In 1998, Boeing executives summoned Mr. Jones to Seattle, he later recalled in a speech, and made clear that, to get more of Boeing’s business, Collins would have to cut prices dramatically. In response, Collins introduced what it called “lean electronics,” its take on a belt-tightening philosophy popularized by Toyota.
Collins reorganized business units and retrained managers, with an eye toward efficiency and speed.
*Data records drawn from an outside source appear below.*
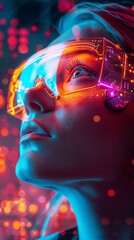 Poster - Futuristic Tech Lab: Young Female Professional Engaged in AI and Robotics Innovation at an Advanced Technology Company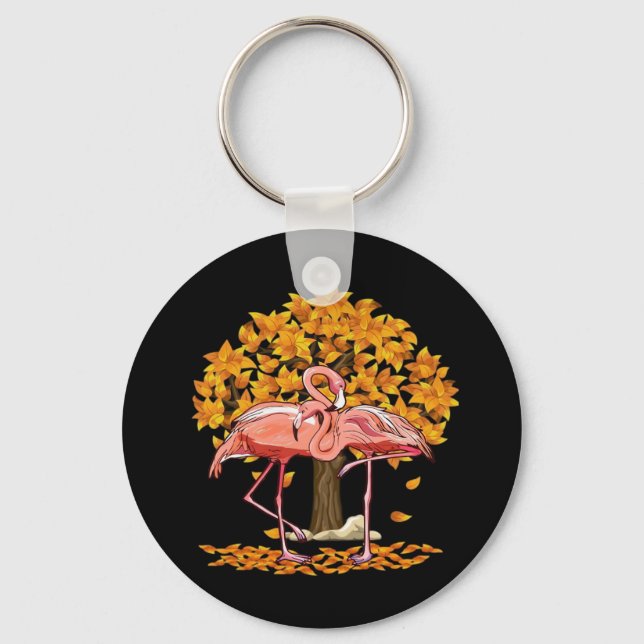 It’s Fall Y’all Flamingo Autumn Style Keychain (Front)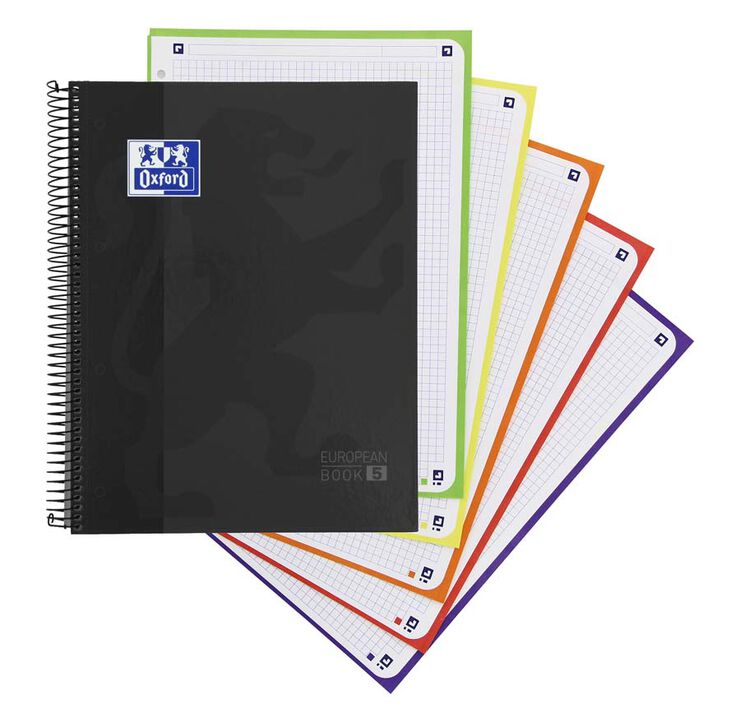 Notebook Oxford Europeanbook 5 A4+ 120 fulls 5x5 negre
It pushed its suppliers to do the same, and established partnerships with companies such as HCL Technologies, which provides outsourced, lower-cost engineering services from India.
Along the way, Collins unseated Honeywell as the provider of flight control computers on a predecessor of the Max, the 737 NG, and supplied numerous systems for the Boeing 787, which went into operation in 2011.
When Collins secured the contract for the Max displays in 2012, it credited the belt-tightening. “There were a lot of cost-saving measures — a lot of tough decisions — that had to be made,” one manager said at the time in a company publication The display system is now at issue in both the congressional investigation and the private lawsuits.